Stochastic interacting systems in biophysics : immunology and development
Jonathan Desponds (LPT)

This work presents two problems of biology requiring data analysis and
models from statistical mechanics : population dynamics in immunology and
gene regulation in embryo development. In immunology I study the problem
of somatic evolution in the adaptive immune system : selection of and
competition among cells that form a close-to-Darwinian system within one
individual. First, I consider different potential hypotheses for selective
dynamics : division and death signals through antigen binding or cytokines,
dynamical parameters for division, death and fluctuations of the
environment. I explore their impact on clone sizes. Experimentally, these
clone sizes show heavy tail distributions for different species and
different pools of cells. Two families of models emerge : models where
noise is consistent at the level of the clone and models where it varies
from cell to cell. I show how clone size distributions help discriminate
between these models and relate the shape of the distribution and the
exponent of the power law to biological parameters. Second, I explore the
specifics of the complex stochastic network of clones and antigens : its
dimensionality, connectivity and dynamics. I study the effect of selection
at different time scales and the speed of evolution of the clones.

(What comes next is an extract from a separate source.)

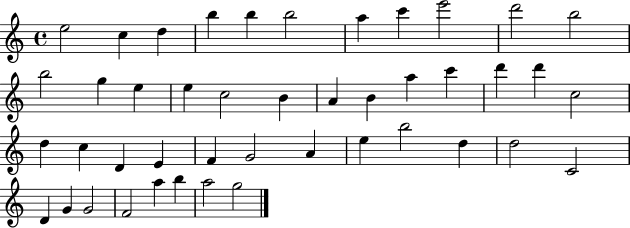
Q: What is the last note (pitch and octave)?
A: G5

The second part of this dissertation concerns embryo development. In the
fly embryo, it is crucial that nuclei can evaluate their position within
the organism accurately to determine cell fate and build a healthy
organism. This positional information is obtained, transferred, and
maintained through diffusion of proteins and activation of genetic
networks. More specifically, the patterning of the antero-posterior axis
in drosophila requires the hunchback gene, activated by the Bicoid
protein. I analyze data from fluorescent live imaging in the early cell
cycles of the embryo. I build a tailor-made model to analyze
autocorrelation functions of fluorescence time traces overcoming all
biological and experimental challenges (noise, calibration, short traces,
transgene construct) to extract the parameters of hunchback activation. I
examine several po- tential types of dynamics for gene switiching
(Poisson, Markovian or non-Markovian) and predict their impact on
positional information and the accuracy of bicoid gradient readout.